The Atlanta Falcons are perhaps the NFL’s biggest disappointment this season. A team that was in the NFC Championship game last winter now sits at 2-5 with a terrible defense and a decimated receiving core. The only thing standing between Atlanta and the NFC South basement is the dumpster fire Greg Schiano refers to as the Tampa Bay Buccaneers. The Falcons lured future Hall of Fame tight end Tony Gonzalez back from the brink of retirement following the championship game loss to San Francisco for one more postseason run. The Falcons’ dismal start has all but dashed those dreams and Atlanta’s decision to keep Gonzalez rather than trade him before Tuesday’s deadline virtually sealed the fate of the all-time great. Gonzalez, perhaps the best pass-catching tight end in football history, will retire never having appeared in a Super Bowl.
Gonzalez wasn’t publicly lobbying for a trade but he must be disappointed. The Falcons have already lost WR Julio Jones for the season, WR Roddy White has been hampered by ankle and hamstring injuries, and free-agent signee Steven Jackson has been about as productive and injury-prone as we’ve come to expect from running backs on the wrong side of 30. Atlanta’s on the road to nowhere, but the front office was unsettled by the prospect of dealing Gonzalez (one of QB Matt Ryan’s few remaining weapons) and essentially throwing in the towel on the 2013 season. Atlanta is only seven games into the season and there’re a lot of beer, hot dogs, hats and jerseys left for peddling.

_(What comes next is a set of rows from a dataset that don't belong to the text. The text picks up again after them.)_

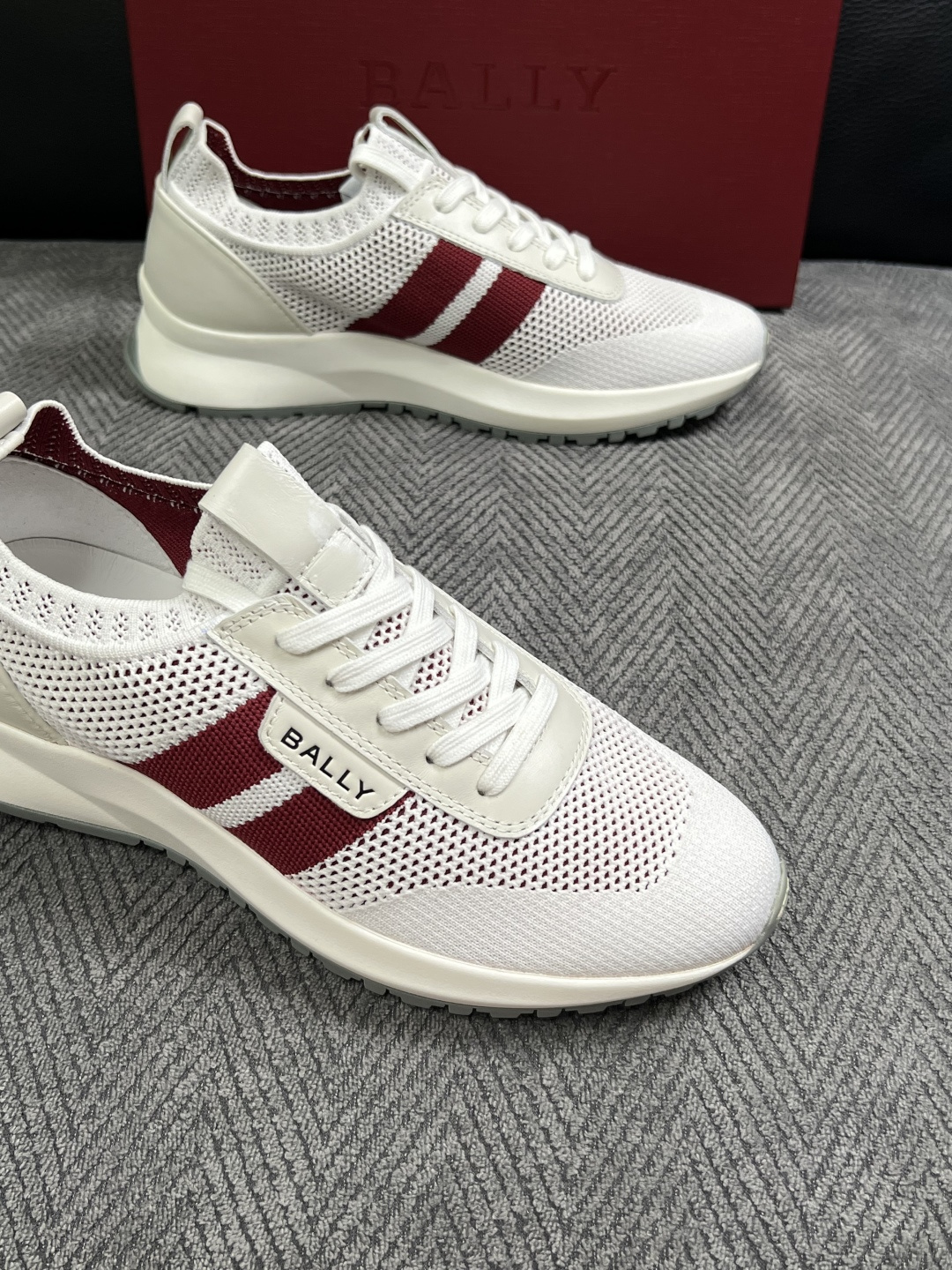 BALLY  高品质  顶级工艺品  巴利 专柜同原厂配置 ，鞋面意大利进口飞织面料，进口水染牛皮里垫 ，鞋底：原厂特供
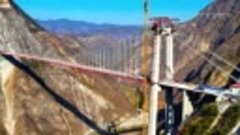 Китай построил первый в мире подвесной мост с одной башней.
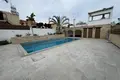 Bungalow 4 Schlafzimmer 260 m² in Agios Tychonas, Zypern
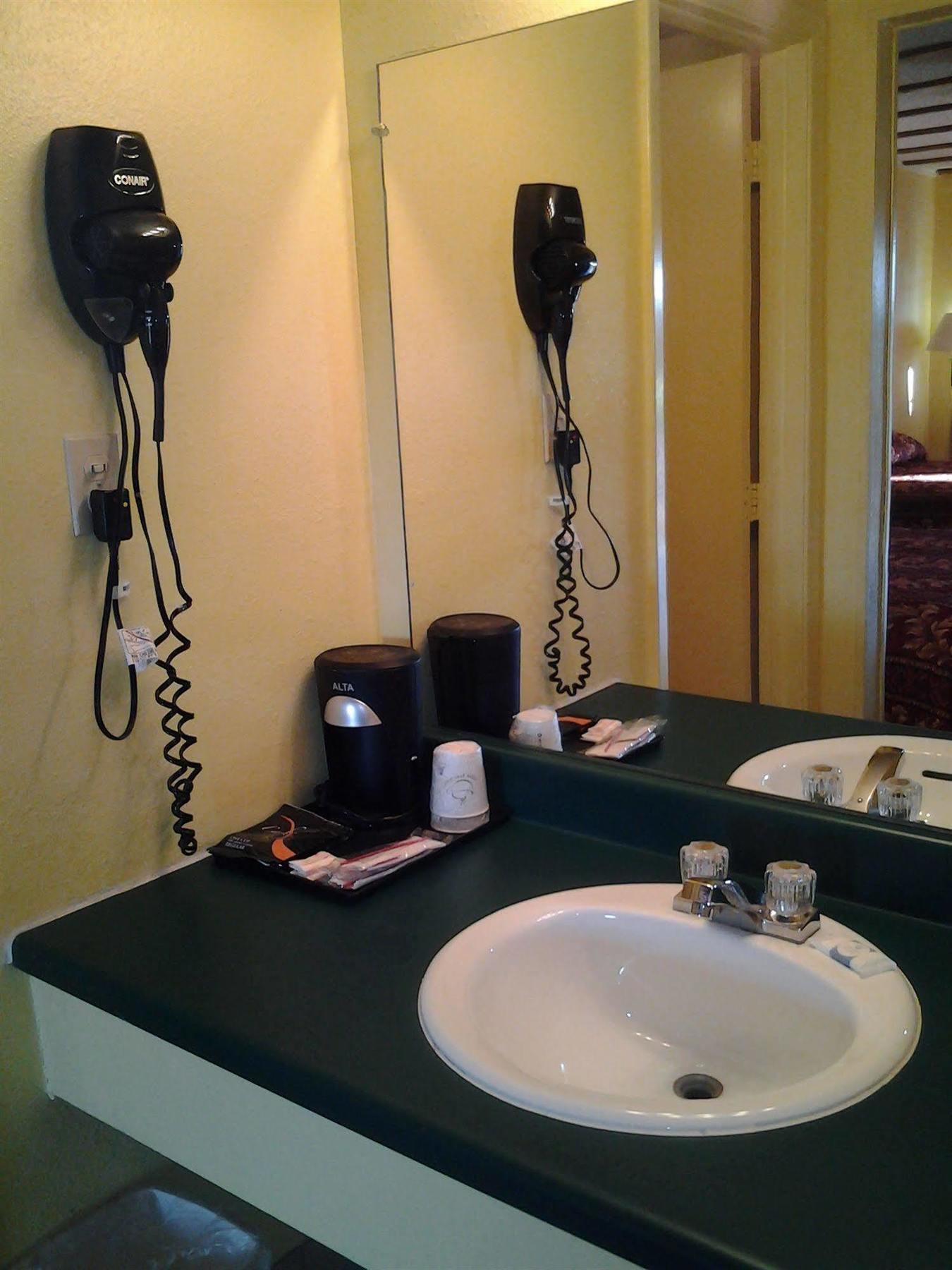 Holiday Motel Hugo Luaran gambar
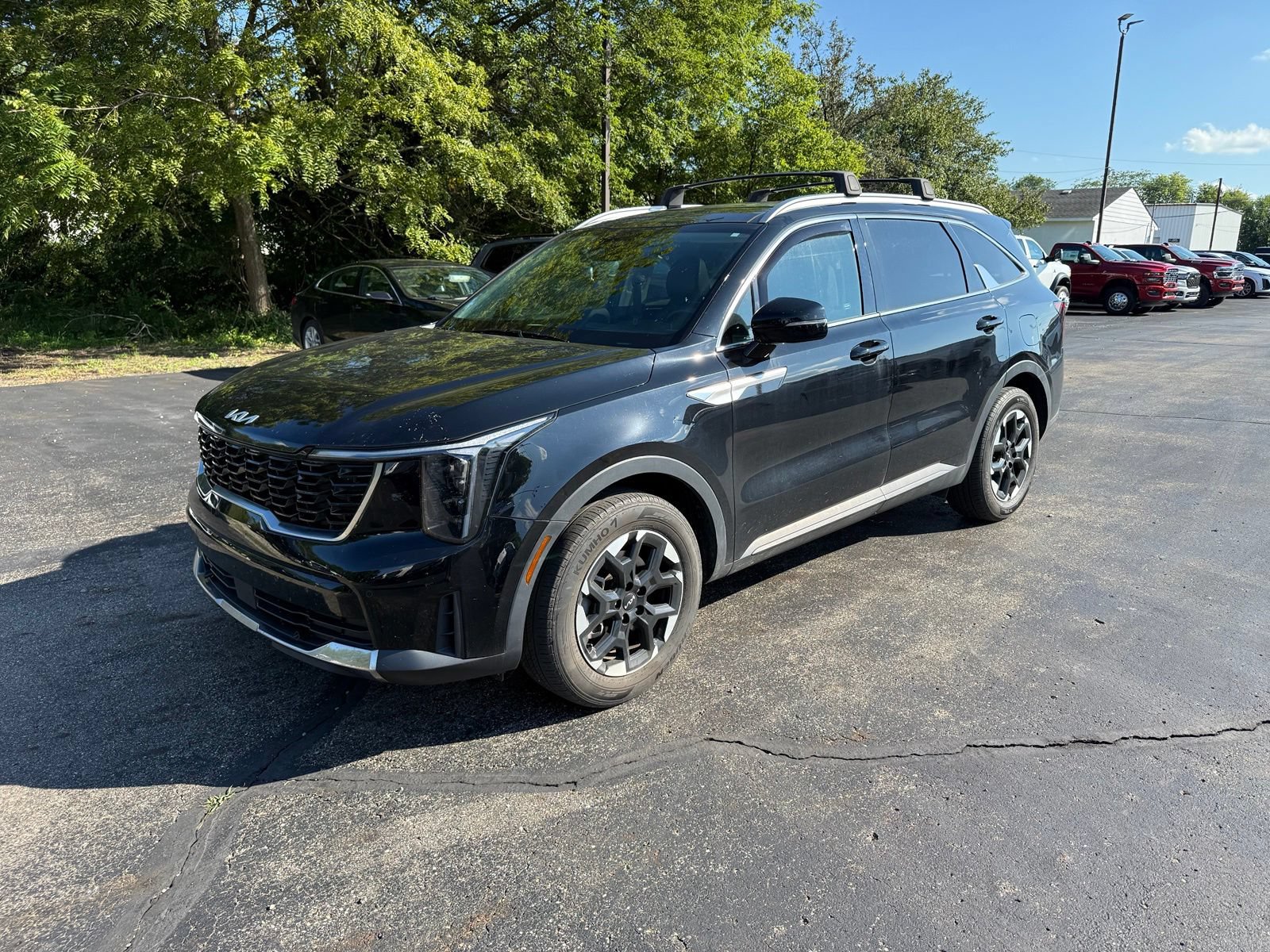 Used 2025 Kia Sorento S w/ Panoramic Sunroof Package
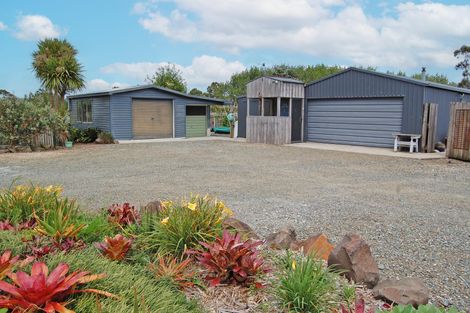 Photo of property in 1104 Oneriri Road, Kaiwaka, 0573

The 37-year-old Gonzalez is having another very solid season. He’s been the model of consistency since his entrance into the league having caught 70 or more passes in 13 of his 16 full seasons. Gonzalez is on pace to top 70 catches once again in what he’s publicly stated will be his final season. The Kanas City Chiefs, Gonzalez’s former employer and surprise team of the NFL season, appeared to be a likely suitor for the tight end’s services. The Chiefs lack dynamic offensive weapons in the passing game and the thought seemed to be that the franchise would love to bring back a former star for one more shot at a Super Bowl run. The truth is the 8-0 Chiefs, led by Andy Reid, have little to no attachment to Gonzalez. The front office and coaching staff have been turned over several times since Gonzalez last played in Kansas City and Reid’s Chiefs appear to prefer looking forward rather than opting to bring back a fading legend.
The Baltimore Ravens and New England Patriots, presumed Super Bowl contenders who have struggled at the tight end position, likely had little interest in Gonzalez. The Ravens have slumped to 3-4 on the season and have muddled through with the Dallas Clark/Ed Dickson duo at tight end. Dennis Pitta, recovering from a fractured hip, is reportedly ahead of schedule and could return to the field in late November. The Patriots’ offense has sputtered this season with TE Rob Gronkowski on the sidelines and his running mate Aaron Hernandez awaiting a murder trial. Gronk returned to the field two weeks ago but the New England passing game has yet to take flight. Gonzalez could have helped New England in two tight end sets but the Patriots have been hit hard by injuries, relegating the lack of tight end depth to a minor issue when compared to the offensive and defensive lines.
In the end there probably wasn’t much of a market for Gonzalez. That’s unfortunate but understandable. The value of draft picks, even late round picks, has skyrocketed over the past decade. As the NFL’s new rules on dealing with concussions evolve and the penalties associated with helmet-to-helmet hits continue to result in serious knee injuries, the value of depth will become even more paramount. Well-run teams now value depth over star power, which ultimately sealed the fate of Tony Gonzalez.